I designed this Matcha tea packaging for Vireo that is a UK-based independent company selling their products on amazon.
I was asked to create a Japanese style packaging so I had a little look around on the site of Los Angeles County Museum of Art (LACMA) where there are countless public domain images available to download. I browsed their Japanese section and found so many incredibly beautiful, vintage art works that I struggled to choose just one. After sending dozens of possible images to my client, we ended up with this one, featuring a cherry tree and moon.
The original image was a dark blue one with a white moon that I turned into this slightly different art work at the request of my client. Besides the colour adjustments, I also had to carry out slight modifications such as expanding the image on all sides, touch up some areas and create those stroke line effects for the moon.
After all that it was time to deal with the layout of the packaging which I always prefer to do with Illustrator. The program lets me set a bleeding that is important when it comes to designs for print and I can have all my elements as separate layers and still mess around with them at once.
I was really happy with the little silhouettes that bounded the off white area and made a clear separation between the vintage art work and the product label.
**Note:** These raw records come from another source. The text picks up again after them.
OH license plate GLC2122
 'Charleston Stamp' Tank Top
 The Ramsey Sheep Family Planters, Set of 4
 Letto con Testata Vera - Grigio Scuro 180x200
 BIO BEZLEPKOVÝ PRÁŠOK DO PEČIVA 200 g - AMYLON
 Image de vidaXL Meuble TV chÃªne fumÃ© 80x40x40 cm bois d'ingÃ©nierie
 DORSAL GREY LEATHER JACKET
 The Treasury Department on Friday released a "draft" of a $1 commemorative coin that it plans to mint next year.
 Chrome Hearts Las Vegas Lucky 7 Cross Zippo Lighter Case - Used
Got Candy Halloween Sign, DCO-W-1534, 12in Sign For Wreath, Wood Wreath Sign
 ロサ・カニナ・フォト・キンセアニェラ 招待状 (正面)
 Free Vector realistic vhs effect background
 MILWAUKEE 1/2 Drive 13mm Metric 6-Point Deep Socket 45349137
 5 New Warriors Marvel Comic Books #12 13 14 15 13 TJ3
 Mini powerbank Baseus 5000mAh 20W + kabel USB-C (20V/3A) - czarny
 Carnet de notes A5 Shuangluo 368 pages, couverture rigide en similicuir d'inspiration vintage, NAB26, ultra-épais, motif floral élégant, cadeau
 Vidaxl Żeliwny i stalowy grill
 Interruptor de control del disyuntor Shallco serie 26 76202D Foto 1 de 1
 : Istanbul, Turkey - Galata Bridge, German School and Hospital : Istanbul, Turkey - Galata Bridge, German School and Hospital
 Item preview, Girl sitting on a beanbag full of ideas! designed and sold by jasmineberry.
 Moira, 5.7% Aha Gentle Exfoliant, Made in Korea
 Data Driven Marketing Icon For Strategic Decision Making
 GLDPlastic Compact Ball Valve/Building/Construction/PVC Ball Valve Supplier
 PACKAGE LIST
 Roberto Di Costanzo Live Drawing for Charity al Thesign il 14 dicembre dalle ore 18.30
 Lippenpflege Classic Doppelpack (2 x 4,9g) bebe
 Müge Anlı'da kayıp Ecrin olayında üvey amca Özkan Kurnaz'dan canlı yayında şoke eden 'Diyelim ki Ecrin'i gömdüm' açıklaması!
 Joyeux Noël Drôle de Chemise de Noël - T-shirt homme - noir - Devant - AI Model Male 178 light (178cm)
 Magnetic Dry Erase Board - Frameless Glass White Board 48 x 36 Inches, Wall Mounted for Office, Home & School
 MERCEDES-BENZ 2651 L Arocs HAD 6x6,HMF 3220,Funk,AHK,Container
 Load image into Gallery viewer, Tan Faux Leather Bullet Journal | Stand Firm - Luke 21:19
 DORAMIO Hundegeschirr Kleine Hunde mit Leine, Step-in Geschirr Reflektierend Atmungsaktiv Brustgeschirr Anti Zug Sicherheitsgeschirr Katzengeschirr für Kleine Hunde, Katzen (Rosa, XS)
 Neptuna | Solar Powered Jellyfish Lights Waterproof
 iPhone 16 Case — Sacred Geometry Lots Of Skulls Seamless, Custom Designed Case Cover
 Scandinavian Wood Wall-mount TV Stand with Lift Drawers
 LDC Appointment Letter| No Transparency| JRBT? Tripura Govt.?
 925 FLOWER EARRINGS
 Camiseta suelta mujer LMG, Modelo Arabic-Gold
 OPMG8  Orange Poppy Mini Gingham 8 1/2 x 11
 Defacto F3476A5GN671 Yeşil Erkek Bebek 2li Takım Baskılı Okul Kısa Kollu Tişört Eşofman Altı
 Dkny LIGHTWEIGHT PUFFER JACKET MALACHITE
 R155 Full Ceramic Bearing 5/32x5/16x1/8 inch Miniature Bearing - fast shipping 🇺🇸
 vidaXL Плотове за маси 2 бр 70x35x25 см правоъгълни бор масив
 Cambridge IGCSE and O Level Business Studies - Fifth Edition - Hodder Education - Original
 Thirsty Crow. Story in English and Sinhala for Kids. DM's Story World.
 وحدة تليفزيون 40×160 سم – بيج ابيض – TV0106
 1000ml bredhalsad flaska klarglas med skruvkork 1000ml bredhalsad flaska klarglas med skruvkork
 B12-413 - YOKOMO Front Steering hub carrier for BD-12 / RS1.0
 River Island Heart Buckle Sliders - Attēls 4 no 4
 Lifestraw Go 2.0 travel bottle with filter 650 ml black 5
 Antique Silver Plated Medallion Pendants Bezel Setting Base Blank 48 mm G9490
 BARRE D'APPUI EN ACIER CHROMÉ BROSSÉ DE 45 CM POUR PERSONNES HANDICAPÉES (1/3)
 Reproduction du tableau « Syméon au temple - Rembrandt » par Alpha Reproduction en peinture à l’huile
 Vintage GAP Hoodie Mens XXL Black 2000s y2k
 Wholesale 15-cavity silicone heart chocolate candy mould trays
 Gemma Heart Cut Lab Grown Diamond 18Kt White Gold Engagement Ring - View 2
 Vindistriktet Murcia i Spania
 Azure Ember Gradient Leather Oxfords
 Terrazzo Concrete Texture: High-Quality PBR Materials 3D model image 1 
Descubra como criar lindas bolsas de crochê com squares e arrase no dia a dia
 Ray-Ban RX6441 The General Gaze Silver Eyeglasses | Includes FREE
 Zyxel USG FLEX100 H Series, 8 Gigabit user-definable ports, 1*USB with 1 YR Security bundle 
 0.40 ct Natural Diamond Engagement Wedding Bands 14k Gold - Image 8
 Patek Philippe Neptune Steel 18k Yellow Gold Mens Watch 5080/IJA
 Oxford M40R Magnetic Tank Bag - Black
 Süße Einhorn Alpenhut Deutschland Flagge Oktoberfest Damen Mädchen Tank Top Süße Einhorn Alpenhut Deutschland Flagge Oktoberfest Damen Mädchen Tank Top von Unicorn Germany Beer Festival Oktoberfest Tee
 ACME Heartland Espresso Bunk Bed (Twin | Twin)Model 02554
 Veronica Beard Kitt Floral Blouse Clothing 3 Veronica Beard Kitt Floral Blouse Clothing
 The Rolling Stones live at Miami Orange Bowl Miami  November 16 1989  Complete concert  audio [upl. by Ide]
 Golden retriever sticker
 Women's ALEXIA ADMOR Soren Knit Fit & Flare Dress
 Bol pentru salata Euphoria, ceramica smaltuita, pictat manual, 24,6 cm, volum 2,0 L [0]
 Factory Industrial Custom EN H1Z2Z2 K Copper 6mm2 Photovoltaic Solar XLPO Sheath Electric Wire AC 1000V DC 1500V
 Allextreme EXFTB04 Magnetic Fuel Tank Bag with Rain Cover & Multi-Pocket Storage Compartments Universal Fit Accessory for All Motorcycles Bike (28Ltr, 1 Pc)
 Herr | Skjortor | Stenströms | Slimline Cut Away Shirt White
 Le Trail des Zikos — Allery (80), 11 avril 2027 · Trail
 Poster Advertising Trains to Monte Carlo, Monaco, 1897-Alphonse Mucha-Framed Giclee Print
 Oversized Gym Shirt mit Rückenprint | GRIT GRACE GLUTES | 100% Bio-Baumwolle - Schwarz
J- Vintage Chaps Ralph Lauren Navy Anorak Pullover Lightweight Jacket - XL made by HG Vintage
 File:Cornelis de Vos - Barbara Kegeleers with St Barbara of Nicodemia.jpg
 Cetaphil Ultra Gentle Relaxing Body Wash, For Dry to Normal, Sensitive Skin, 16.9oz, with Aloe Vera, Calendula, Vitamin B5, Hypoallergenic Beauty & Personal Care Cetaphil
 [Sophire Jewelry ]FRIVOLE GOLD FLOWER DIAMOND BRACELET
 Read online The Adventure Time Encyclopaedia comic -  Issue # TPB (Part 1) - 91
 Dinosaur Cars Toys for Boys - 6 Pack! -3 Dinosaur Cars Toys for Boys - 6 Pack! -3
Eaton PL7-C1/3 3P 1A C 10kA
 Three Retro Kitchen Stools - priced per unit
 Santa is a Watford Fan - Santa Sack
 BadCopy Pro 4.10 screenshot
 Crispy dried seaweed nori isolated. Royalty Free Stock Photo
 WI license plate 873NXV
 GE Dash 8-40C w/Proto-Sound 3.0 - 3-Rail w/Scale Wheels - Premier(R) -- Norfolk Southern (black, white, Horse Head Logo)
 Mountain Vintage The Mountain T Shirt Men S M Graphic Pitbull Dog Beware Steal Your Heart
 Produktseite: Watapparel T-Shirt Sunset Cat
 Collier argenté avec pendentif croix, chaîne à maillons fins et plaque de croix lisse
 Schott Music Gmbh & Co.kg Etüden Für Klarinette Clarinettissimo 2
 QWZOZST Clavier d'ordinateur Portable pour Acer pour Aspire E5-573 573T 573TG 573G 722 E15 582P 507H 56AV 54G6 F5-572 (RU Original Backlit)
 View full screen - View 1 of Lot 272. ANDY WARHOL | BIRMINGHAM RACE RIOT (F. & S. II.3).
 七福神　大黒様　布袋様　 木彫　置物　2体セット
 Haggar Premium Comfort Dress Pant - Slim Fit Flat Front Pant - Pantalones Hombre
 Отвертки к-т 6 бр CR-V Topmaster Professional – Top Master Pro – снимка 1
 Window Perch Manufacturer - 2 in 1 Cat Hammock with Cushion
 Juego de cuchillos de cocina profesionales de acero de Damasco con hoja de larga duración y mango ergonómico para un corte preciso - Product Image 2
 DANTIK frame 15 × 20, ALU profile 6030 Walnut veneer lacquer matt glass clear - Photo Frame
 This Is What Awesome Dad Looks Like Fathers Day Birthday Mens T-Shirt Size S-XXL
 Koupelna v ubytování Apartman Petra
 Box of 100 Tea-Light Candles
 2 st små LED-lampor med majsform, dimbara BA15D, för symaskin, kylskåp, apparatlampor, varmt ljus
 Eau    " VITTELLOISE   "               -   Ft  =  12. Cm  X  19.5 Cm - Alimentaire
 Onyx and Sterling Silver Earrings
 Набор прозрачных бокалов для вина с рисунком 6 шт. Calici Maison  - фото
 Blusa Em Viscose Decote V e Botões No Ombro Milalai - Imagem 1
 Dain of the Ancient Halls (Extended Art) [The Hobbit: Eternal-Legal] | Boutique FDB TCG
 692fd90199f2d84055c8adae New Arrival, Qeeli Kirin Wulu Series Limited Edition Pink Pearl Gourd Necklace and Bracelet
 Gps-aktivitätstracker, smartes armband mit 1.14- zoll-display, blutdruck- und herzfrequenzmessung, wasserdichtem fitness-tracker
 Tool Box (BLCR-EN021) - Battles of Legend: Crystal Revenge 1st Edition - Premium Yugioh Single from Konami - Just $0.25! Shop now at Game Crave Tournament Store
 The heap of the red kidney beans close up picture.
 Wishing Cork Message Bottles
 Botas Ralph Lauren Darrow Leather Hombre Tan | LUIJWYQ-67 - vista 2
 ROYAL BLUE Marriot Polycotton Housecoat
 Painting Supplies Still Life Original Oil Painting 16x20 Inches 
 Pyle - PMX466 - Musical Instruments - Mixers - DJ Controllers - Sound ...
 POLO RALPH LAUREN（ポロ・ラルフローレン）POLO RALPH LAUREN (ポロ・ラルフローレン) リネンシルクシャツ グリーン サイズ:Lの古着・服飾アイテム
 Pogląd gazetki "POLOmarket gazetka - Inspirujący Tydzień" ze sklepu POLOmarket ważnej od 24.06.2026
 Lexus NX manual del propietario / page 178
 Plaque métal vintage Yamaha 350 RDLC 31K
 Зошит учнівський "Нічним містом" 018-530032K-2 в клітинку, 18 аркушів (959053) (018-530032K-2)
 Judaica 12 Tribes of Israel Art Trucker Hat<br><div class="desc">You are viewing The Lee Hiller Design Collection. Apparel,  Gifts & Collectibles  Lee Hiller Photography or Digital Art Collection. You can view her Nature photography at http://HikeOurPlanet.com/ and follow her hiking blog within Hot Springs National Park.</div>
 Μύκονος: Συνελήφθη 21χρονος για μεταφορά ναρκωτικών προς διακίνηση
My client asked me to use some vertical text too and some Japanese symbols and so I did: the black symbols stand for matcha tea and the red little stamp-like one means pure.
In addition to packaging design, I could also use my photo editing skills for this project. Dziugas sent me the previous product photos which I edited with Photoshop to look like these. The pouches used to be brown and had the old packaging designs on them, and the bowls didn’t even have any foam on them either. The hardest thing to edit though was the image with the dark background. It used to be a rectangular image which I had to augment to be wider. In order to do that I had to clone parts of the picture which was not easy because of the intricate details of the map but I think I did a good job with it because it doesn’t look too obviously repetitive.